Her spring and summer 2016 line is what she says is her first project that she felt comfortable releasing. “Before that, I just did concept stuff. With this, I just didn’t want to do what everyone else is doing… The overall inspiration was that I was just trying to be minimal with my pattern making.” The designs are a modern, minimalist approach to the basics of some traditional African patterns, symbols, and designs. “Most of that [fabric] isn’t produced in Africa. So yeah, its African in pattern but you know… We’re not really supporting our people. We’re supporting Indians, Dutch, but we’re not supporting our people.”
She ended up using Japanese textiles, simple African patterns redesigned to her own flavor, and an ongoing theme of triangles throughout the collection that you see below, as photographed by Quan Brinson. In this way, she managed to transform traditional African designs into something far more modern and unique rather than just refurbishing the average dashiki as many “designers” have been doing lately. Her tribute to the African inspiration of the designs was in her personal take on her favorite aspects, without supporting people who capitalize off of African fashion without proper acknowledgement.
“I didn’t know that I would be doing this right now. I was more of a studious student, getting A’s and thinking I was gonna go to college. Then all of a sudden, the time to pick came around and I was like… what do I want to do with myself?”
Although fashion has been a lifelong passion for her, Zunyda has more so just been following the Path that life was carving out for her than following any specific “dream,” when it comes to her career.
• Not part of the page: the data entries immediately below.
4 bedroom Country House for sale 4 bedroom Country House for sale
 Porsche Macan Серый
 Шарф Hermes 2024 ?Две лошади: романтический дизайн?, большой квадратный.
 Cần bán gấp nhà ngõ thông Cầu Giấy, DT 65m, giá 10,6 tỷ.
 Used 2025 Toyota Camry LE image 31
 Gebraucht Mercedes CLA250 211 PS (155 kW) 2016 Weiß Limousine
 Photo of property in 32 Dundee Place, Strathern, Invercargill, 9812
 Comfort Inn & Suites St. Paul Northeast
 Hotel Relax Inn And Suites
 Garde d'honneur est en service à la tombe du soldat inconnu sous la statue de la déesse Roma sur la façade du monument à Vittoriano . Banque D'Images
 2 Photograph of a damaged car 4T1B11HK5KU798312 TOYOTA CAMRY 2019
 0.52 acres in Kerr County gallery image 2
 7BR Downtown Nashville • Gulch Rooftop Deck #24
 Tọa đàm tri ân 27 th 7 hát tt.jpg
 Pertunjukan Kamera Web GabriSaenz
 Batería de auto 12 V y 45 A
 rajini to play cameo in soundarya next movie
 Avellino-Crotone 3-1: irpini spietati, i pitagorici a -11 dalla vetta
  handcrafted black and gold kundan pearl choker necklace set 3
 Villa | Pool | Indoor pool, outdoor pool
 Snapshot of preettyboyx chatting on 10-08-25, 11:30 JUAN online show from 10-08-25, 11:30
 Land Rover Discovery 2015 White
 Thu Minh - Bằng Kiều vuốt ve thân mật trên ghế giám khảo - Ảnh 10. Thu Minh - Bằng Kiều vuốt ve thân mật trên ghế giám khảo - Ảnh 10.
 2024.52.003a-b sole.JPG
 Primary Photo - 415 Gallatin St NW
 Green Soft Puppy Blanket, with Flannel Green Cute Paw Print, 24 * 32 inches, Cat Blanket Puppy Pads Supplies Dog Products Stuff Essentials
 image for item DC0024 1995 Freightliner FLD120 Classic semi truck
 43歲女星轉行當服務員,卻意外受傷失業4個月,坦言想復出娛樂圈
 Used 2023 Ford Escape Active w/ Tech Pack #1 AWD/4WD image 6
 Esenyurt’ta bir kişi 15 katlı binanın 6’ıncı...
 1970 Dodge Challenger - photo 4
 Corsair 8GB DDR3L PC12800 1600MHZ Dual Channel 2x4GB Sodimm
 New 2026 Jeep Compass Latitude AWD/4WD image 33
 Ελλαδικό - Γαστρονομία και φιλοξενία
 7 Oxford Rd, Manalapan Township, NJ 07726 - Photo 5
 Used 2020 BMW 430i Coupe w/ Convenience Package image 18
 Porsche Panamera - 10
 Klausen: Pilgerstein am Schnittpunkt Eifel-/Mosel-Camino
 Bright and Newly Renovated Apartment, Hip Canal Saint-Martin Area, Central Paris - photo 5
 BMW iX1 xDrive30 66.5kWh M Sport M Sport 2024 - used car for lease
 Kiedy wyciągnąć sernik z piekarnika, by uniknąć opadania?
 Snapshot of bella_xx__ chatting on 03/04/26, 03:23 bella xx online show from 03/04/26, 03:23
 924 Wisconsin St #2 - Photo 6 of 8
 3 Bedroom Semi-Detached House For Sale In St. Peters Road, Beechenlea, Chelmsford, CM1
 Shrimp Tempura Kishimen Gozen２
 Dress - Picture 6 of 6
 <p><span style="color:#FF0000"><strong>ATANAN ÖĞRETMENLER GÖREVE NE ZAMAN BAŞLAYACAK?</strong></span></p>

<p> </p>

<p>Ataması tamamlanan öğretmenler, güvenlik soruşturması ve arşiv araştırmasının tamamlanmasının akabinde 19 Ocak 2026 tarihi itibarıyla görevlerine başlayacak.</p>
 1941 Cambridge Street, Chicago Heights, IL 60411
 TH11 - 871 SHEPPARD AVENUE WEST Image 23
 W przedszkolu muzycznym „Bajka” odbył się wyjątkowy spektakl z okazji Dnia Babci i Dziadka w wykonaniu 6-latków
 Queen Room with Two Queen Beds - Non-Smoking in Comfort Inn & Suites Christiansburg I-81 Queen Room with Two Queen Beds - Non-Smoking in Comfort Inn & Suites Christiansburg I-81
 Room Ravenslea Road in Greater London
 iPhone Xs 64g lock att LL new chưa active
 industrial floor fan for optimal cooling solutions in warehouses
Luckily for her, she has always had the spirit of a hustler and an entrepreneurial mindset. Through her younger days in middle school and high school, she was already known for her standout style and her side business of making alterations for her classmates. So by the time she started college, she was already experienced, working in the field, and interning.
“I’ve never had that one person who’s inspired me or that I tried to embody, it was never ‘one’ thing…. A lot of other people’s mindsets can be limiting.”
It wasn’t long after starting school that Zunyda decided to put that on pause to focus on other matters. As a fellow college drop out, walking a very similar path, having attended for about two semesters but ultimately deciding to put all my efforts into my work, this was a topic that sparked both of our interest fully. “Like damn, can I get credit for my experience?” she jokes with me, as I relate all too well. She was interning for a fashion designer in Brooklyn at the time, a small time designer whose had some good press. She got hired to work officially, forcing her to rearrange her schedule so that she could be back and forth from NJ and NYC every week. Taking classes two days a week and spending the rest of it in NY working for this designer gave Zunyda a key look into the industry from a hands on perspective while simultaneously exhausting the young woman. Zunyda was faced with a choice to continue working in the field of her dreams or to put that on pause to finish school and pursue them later. Zunyda chose to do it now.
“I’m not really trying to be in the ‘typical fashion world.’ I’m not really trying to follow those rules. I learned a lot working for her on the business side, but I want to apply that in my own way. Cuz I’m black too, haha.” This is a real point brought up by Zunyda whose work in the fashion industry is already stand out because of the color of her skin. High fashion has since its inception been plagued by subtle but often downright racism, forcing designers like Zunyda to have to think out of the box, or of course, conform to their strict standards. Her entrepreneurial spirit is definitely going to have her there without the need to conform. “I’m just trying to be comfortable. I’m 22, and I want to be comfortable in my clothes,” which has been how she’s carried herself her whole life.